Welcome to the third in a series of author interviews! Today I’m talking with fantasy author Jeanne Marcella about inspiration, self-publishing, and what it’s like to write outside the norm. I’m thrilled to talk to the wonderful author of The Phoenix Embryoabout her creative process and experience.
Sarah: You’ve described your work as transgressive dark fantasy. Can you tell me a little about why you chose to call it ‘transgressive’ and what that label means?
Jeanne: “Transgressive” was a genre label I encountered on an online critique site a few years back. When I looked it up, it seemed to fit with how mainstream readers were describing my work. So I went with it. While I never personally thought of my work as transgressive, both my books did anger and disgust a lot of people. I did get some mocking, but that’s the risk an author takes.
I had wanted to share humanistic ideas about love, gender, sentience/personhood, and being trapped in a certain skin or alienlike body that would get people to think outside the box. That didn’t happen until I found new writer-friends, and discovered the support of the LGBTQ community.
Sarah: I know it’s cliché to ask an author where the ideas come from. But you have such unique and unconventional ideas that I just have to ask. Where do they come from? What inspires you?
Jeanne: Oh, goodness, where do I even start? If I can use a cliché of my own, it’s like a telepath. They’re just bombarded by thoughts every second, and they can go a little nuts. It’s like that for me. It could be a single word. The light streaming through the window. Breathing. I can’t keep ideas out of my head, even when I sleep.

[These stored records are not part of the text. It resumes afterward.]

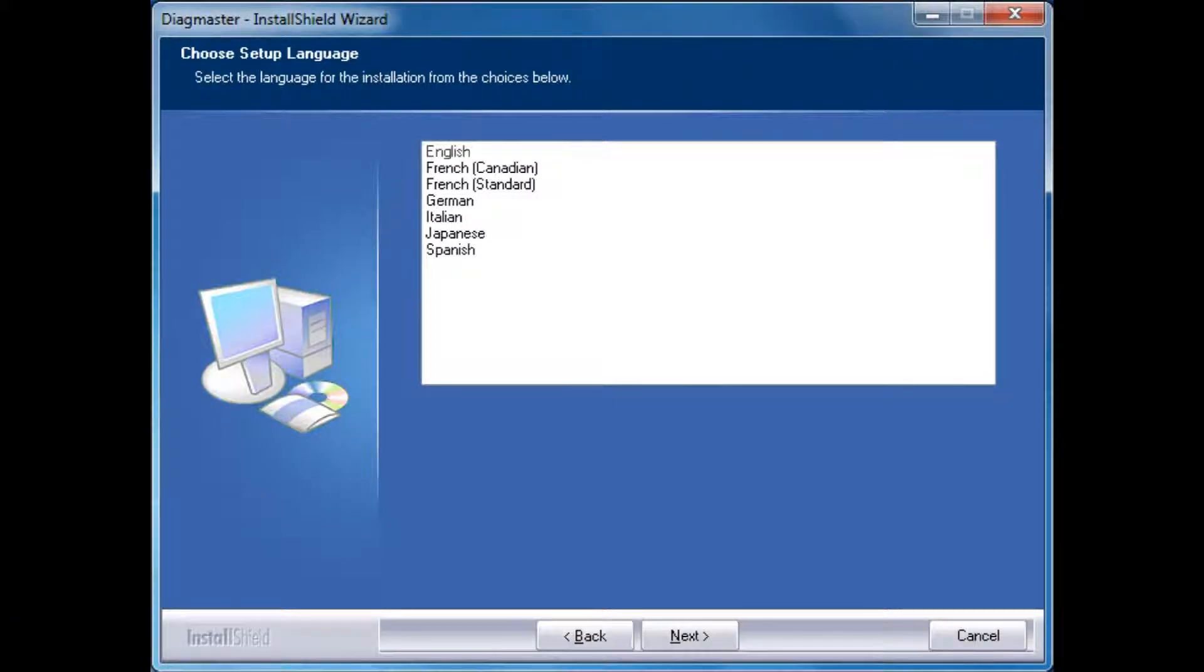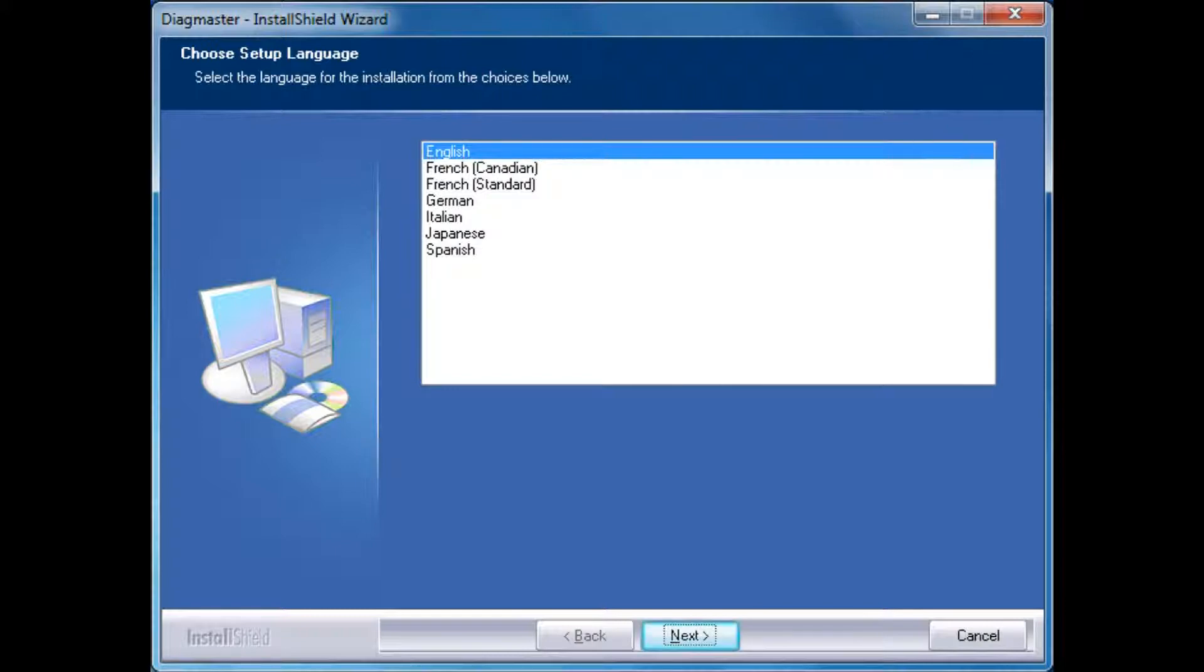The first screen that will appear allows you to choose a language. Select your native language, then click Next.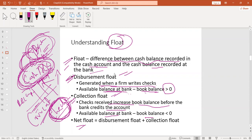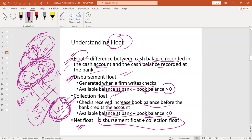Net float is the combination of disbursement float and collection float. When you add both floats together, that is called net float. As a working capital management student, you need to understand these situations when managing cash. The float terminology is really important — it is the difference between the cash balance in your cash account and the cash balance at the bank.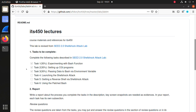In this lab we are going to complete task 1 to task 3: experimenting with batch functions, setting up CGI programs, and passing data to a batch via environment variables.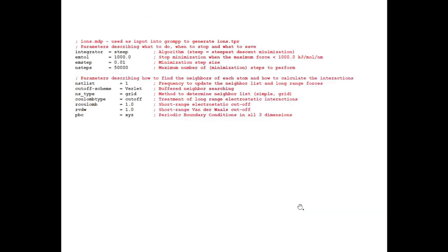This is a .mdp file for minimization steps. You can see here the lines starting with a semicolon are actually comments — they are for describing the different parameters and are non-essential parts. GROMACS simply ignores these lines. That's why I have colored them in red. You can also remove these lines. Only the essential lines are colored in black.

Everything inspires me.
I’m crossing my fingers now that I have critique partners who encourage and understand me, and once I get the second edition of Through Rain and Missing Mantaurs back off the ground, I’ll be much more prolific. I just feel I’m still trying to get myself unstuck from past failure, and that novel is the last reminder of it. Having people who understand you is just so…freeing! That’s my inspiration.
Sarah: You create very dark fantasy worlds, where the threat of violence is a given constant for the characters. Do you think this grim atmosphere plays a role in shaping your characters? How does it affect them?
Jeanne: The gritty atmosphere does shape my characters, making them struggle and claw to discover themselves, and their way. But I also think the characters play a major role in shaping the world around them.
A good example of this is the characters I’m working with now. Pony and Mardyth from Through Rain and Missing Mantaurs.
Pony is a gritty, half-breed mail courier who can barely read. She’s at the very bottom of society. Mardyth is a pampered, highly educated courtesan who guarded the elf queen.
So very different, but you’d want both of them on your side in a knife-fight. Just those descriptions alone really assist me in worldbuilding. Discovering their likes and dislikes, and how they react to their peers builds enough layers to keep things interesting.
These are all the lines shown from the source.